President Donald Trump is very keen to talk trade to distract from his impeachment trial. Central to his victory in key Midwest swing states were his pledges to stop job outsourcing, rebuild American manufacturing and end the job-killing trade deficit. He’s off to Michigan and Iowa after yesterday’s signing ceremony for the new North American Free Trade Agreement (NAFTA) and last week’s preliminary China trade deal. But his impeachment-distraction trade mission is complicated by some inconvenient facts:

  • Tens of thousands more U.S. jobs have been government-certified as lost to outsourcing during the Trump era. This includes outsourcing by General Motors, Boeing, Honeywell, Siemens, IBM, Hewlett Packard, United Technologies, Caterpillar, Electrolux, General Electric, Harley-Davidson, Honeywell, Kohler and Intel Thompson Reuters, AT&T, Dun & Bradstreet, Verizon and Ministry Health. Verizon, Ford and Nabisco also have outsourced under Trump, but have not yet been processed on the certified list.
  • Manufacturing sector job growth hit a wall in 2019, as the sector slid into recession. Manufacturing job creation nearly stopped after a job growth boom that started two years before Trump was elected, while an important indicator of manufacturing sector health – the Purchasing Managers Index – registered its lowest reading since the June 2009 financial crisis days. The U.S. manufacturing sector has been in a technical recession for the past two quarters.
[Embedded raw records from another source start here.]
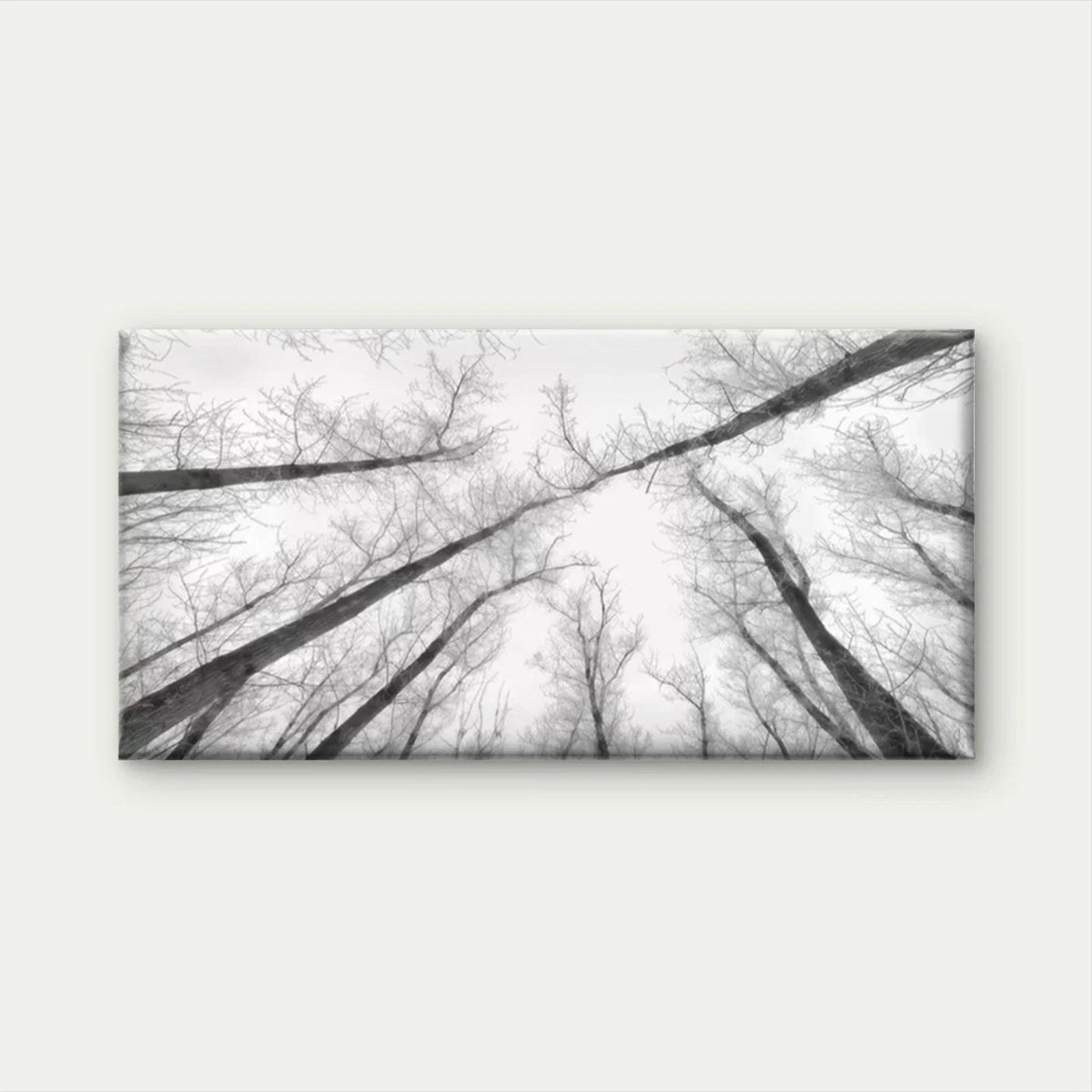 Black and White Winter Forest Wall Art Canvas Office Home Room Framed 120x60cm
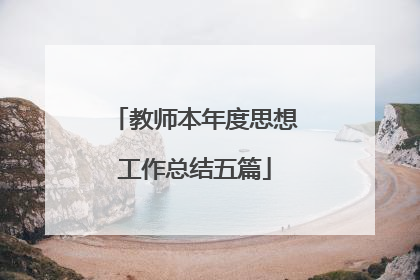 教师本年度思想工作总结五篇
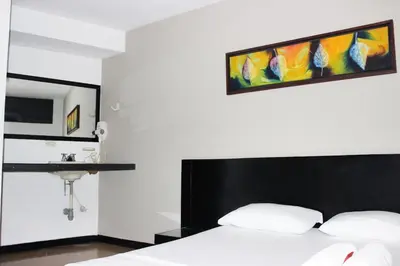 a bedroom with a bed and a sink in it at Hotel Natural Medellin in Medellín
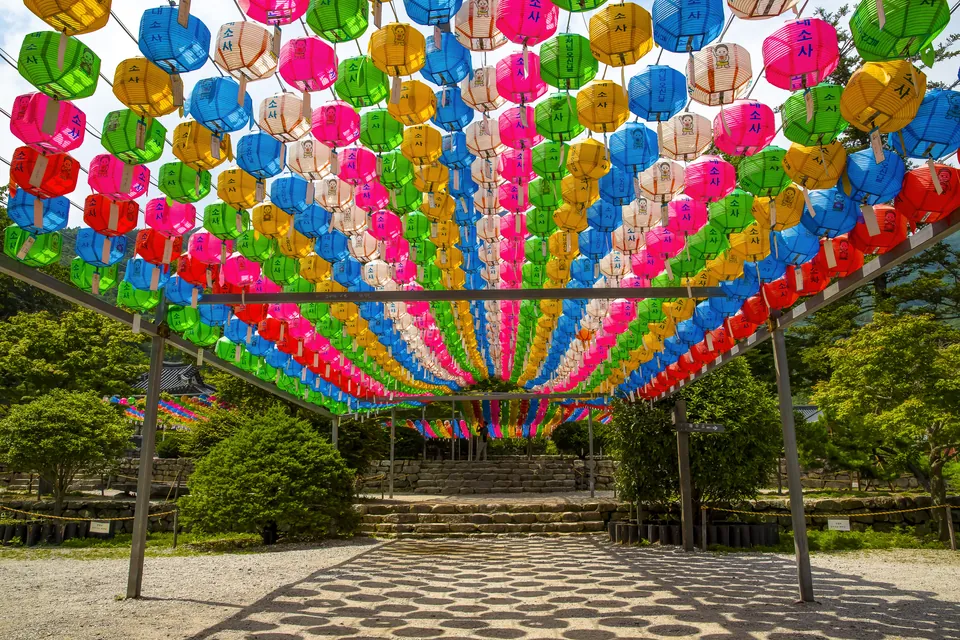 Lotus Lantern Festival in Seoul: A Guide for Groups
  • The overall U.S. trade deficit increased 14% in Trump’s first two years. Despite expectations that the 2019 deficit will be smaller, the manufacturing sector deficit will be up again, while the overall decline reflects a jump in U.S. exports of oil and gas and lower oil imports. During the Trump administration, the NAFTA trade deficit has grown 30% relative to the year before Trump took office.
  • The new NAFTA will not bring back hundreds of thousands of jobs, as Trump nonsensically claims. Nothing makes this clearer than recent developments in the U.S. auto sector. Post-NAFTA renegotiation, U.S. auto companies have announced plans to expand production in Mexico. GM is closing numerous U.S. plants while making popular models in Mexico. Ford is even making its new Mustang electric SUV in Mexico – the first Mustang not to be made here. Over time, the labor standards and enhanced enforcement terms Democrats forced into the new NAFTA may help raise wages in Mexico, and this also may reduce U.S. corporations’ incentives to outsource more U.S. jobs to Mexico to pay workers less.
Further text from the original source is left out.